Items from a dataset
>>>>
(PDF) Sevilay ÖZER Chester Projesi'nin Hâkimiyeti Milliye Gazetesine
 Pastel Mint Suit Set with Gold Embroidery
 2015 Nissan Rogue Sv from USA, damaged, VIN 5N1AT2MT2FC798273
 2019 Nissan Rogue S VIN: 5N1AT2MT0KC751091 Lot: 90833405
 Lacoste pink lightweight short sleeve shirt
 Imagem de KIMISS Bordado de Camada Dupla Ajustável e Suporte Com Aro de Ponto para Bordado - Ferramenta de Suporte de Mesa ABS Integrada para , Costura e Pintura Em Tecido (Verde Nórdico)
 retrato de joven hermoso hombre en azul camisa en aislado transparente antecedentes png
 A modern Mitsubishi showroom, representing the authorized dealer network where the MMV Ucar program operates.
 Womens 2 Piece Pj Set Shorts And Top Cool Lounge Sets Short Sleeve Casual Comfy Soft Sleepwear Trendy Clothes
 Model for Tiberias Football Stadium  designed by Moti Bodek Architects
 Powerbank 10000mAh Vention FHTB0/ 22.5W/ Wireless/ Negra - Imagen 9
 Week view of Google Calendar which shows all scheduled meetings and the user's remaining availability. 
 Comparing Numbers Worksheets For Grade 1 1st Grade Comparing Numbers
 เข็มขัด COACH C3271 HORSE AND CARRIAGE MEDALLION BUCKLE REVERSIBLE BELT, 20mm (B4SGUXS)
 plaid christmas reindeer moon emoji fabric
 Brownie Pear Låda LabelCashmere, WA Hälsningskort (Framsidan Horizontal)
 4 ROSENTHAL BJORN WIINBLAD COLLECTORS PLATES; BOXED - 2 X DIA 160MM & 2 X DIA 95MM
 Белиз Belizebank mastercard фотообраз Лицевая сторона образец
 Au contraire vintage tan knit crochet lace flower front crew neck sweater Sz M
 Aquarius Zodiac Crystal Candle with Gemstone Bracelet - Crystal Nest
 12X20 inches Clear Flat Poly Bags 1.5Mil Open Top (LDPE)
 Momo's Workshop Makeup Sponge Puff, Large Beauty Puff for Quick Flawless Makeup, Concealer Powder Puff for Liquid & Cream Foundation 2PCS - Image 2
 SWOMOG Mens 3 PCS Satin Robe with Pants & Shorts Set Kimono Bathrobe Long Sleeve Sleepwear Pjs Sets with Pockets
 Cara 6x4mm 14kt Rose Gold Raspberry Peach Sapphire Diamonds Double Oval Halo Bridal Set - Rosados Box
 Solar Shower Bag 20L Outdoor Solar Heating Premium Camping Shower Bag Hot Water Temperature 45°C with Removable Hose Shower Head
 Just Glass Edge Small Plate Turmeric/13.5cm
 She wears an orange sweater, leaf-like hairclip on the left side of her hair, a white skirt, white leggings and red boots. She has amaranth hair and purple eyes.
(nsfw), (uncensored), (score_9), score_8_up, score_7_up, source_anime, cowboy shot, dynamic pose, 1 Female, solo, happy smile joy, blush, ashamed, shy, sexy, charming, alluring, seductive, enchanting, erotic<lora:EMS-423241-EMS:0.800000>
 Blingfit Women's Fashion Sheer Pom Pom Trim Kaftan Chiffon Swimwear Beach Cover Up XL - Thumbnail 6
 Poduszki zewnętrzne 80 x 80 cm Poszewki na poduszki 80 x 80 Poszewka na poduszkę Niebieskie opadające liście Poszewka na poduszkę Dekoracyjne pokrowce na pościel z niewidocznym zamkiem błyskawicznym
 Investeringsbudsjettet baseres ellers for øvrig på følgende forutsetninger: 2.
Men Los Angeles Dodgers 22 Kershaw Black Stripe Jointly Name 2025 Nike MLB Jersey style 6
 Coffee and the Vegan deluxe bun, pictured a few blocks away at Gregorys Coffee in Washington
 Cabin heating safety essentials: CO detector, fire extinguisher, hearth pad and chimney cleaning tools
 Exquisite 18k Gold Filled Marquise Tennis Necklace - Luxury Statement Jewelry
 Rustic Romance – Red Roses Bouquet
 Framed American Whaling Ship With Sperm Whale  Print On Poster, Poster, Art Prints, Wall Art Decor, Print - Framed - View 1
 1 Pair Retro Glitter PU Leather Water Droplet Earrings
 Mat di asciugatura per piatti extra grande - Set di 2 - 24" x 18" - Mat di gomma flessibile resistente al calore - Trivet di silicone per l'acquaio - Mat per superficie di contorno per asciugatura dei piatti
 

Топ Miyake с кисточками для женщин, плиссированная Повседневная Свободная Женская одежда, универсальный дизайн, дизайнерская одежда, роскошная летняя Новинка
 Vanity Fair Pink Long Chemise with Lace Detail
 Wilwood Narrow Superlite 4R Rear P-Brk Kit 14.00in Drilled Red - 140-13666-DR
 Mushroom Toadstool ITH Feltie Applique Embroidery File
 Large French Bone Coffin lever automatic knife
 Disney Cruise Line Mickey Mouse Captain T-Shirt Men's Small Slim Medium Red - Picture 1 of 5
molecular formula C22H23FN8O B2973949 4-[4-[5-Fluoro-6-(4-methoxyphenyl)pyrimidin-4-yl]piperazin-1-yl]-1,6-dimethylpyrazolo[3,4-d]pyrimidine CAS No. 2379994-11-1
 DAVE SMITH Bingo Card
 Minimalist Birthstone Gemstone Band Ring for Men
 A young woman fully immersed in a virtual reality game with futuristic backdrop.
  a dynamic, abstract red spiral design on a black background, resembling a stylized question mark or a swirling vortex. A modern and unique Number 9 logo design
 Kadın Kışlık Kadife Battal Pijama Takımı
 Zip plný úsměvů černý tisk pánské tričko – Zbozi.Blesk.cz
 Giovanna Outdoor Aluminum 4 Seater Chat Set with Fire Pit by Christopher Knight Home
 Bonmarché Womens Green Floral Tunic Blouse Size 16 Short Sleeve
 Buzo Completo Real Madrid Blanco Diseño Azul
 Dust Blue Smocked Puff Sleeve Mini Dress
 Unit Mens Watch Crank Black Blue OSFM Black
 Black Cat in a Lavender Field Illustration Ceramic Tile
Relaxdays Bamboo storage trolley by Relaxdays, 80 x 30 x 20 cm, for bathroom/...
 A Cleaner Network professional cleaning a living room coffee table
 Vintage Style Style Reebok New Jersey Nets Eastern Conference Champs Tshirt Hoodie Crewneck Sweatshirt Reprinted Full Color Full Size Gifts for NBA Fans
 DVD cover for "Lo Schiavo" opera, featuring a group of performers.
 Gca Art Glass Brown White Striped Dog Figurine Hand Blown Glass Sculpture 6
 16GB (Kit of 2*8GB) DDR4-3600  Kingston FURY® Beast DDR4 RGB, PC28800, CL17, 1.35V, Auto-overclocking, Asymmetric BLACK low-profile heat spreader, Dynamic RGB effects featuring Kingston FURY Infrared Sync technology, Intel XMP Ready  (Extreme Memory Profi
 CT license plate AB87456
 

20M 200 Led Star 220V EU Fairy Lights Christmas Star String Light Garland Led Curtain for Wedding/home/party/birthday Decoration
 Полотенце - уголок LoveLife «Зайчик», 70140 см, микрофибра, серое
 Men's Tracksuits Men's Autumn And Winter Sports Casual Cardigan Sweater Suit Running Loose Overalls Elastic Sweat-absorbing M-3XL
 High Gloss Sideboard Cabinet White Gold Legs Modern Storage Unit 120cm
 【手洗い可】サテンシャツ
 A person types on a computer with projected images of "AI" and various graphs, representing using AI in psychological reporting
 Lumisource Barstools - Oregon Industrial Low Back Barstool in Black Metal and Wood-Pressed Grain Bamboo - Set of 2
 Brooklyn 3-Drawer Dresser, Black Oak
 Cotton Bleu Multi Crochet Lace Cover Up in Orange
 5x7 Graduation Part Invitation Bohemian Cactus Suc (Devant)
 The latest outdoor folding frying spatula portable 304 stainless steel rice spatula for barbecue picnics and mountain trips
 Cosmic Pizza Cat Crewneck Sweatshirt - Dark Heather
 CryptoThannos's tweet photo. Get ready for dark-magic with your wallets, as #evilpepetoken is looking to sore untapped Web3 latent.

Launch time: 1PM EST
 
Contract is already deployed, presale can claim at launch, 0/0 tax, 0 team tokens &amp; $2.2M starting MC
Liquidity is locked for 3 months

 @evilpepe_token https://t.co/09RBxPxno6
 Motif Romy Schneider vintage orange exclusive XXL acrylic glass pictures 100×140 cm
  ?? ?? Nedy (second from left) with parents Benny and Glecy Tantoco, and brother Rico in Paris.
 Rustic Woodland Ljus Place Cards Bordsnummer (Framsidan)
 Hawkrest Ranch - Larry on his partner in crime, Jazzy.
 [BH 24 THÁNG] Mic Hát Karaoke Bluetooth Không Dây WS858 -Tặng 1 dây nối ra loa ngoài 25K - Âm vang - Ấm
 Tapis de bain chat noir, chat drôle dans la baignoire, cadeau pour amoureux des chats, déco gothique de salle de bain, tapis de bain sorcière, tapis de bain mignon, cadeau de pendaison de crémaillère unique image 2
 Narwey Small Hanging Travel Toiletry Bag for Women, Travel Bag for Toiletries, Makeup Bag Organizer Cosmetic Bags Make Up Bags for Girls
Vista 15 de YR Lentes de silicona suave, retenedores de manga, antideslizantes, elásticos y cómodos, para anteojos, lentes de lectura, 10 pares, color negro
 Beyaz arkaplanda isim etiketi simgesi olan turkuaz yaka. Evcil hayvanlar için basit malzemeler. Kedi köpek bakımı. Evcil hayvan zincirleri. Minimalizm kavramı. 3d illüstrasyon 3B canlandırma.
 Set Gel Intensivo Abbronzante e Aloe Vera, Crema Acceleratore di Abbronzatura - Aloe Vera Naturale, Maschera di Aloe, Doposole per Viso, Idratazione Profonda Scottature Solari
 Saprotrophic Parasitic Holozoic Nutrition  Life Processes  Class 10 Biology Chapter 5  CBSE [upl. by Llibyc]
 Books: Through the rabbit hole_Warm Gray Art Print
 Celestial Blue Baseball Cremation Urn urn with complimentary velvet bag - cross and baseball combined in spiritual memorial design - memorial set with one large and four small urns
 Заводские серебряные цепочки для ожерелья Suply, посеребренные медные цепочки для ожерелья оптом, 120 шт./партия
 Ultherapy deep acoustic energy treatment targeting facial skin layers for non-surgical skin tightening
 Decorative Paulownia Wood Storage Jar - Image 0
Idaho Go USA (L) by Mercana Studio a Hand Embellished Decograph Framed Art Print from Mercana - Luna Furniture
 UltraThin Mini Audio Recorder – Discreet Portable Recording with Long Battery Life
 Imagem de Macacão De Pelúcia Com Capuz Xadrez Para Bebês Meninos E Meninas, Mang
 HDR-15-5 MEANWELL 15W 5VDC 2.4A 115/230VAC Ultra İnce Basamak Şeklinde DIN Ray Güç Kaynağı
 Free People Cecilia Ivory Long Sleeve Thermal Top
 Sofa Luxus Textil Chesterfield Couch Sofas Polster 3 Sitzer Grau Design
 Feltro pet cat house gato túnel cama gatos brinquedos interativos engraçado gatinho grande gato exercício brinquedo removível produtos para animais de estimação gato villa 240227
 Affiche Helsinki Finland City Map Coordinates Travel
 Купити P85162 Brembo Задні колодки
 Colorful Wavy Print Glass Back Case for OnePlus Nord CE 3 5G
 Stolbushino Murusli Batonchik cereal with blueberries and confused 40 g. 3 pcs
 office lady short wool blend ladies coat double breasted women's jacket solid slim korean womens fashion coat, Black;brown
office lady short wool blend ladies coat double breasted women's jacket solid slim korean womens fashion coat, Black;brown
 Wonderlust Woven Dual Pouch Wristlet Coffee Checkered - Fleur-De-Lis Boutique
<<<<
> _Your task_
What is needed is every line from the start of the entries through the line containing "Just Glass Edge Small Plate Turmeric/13.5cm", returned word for word and nothing else.

> _Answer space_
(PDF) Sevilay ÖZER Chester Projesi'nin Hâkimiyeti Milliye Gazetesine
 Pastel Mint Suit Set with Gold Embroidery
 2015 Nissan Rogue Sv from USA, damaged, VIN 5N1AT2MT2FC798273
 2019 Nissan Rogue S VIN: 5N1AT2MT0KC751091 Lot: 90833405
 Lacoste pink lightweight short sleeve shirt
 Imagem de KIMISS Bordado de Camada Dupla Ajustável e Suporte Com Aro de Ponto para Bordado - Ferramenta de Suporte de Mesa ABS Integrada para , Costura e Pintura Em Tecido (Verde Nórdico)
 retrato de joven hermoso hombre en azul camisa en aislado transparente antecedentes png
 A modern Mitsubishi showroom, representing the authorized dealer network where the MMV Ucar program operates.
 Womens 2 Piece Pj Set Shorts And Top Cool Lounge Sets Short Sleeve Casual Comfy Soft Sleepwear Trendy Clothes
 Model for Tiberias Football Stadium  designed by Moti Bodek Architects
 Powerbank 10000mAh Vention FHTB0/ 22.5W/ Wireless/ Negra - Imagen 9
 Week view of Google Calendar which shows all scheduled meetings and the user's remaining availability. 
 Comparing Numbers Worksheets For Grade 1 1st Grade Comparing Numbers
 เข็มขัด COACH C3271 HORSE AND CARRIAGE MEDALLION BUCKLE REVERSIBLE BELT, 20mm (B4SGUXS)
 plaid christmas reindeer moon emoji fabric
 Brownie Pear Låda LabelCashmere, WA Hälsningskort (Framsidan Horizontal)
 4 ROSENTHAL BJORN WIINBLAD COLLECTORS PLATES; BOXED - 2 X DIA 160MM & 2 X DIA 95MM
 Белиз Belizebank mastercard фотообраз Лицевая сторона образец
 Au contraire vintage tan knit crochet lace flower front crew neck sweater Sz M
 Aquarius Zodiac Crystal Candle with Gemstone Bracelet - Crystal Nest
 12X20 inches Clear Flat Poly Bags 1.5Mil Open Top (LDPE)
 Momo's Workshop Makeup Sponge Puff, Large Beauty Puff for Quick Flawless Makeup, Concealer Powder Puff for Liquid & Cream Foundation 2PCS - Image 2
 SWOMOG Mens 3 PCS Satin Robe with Pants & Shorts Set Kimono Bathrobe Long Sleeve Sleepwear Pjs Sets with Pockets
 Cara 6x4mm 14kt Rose Gold Raspberry Peach Sapphire Diamonds Double Oval Halo Bridal Set - Rosados Box
 Solar Shower Bag 20L Outdoor Solar Heating Premium Camping Shower Bag Hot Water Temperature 45°C with Removable Hose Shower Head
 Just Glass Edge Small Plate Turmeric/13.5cm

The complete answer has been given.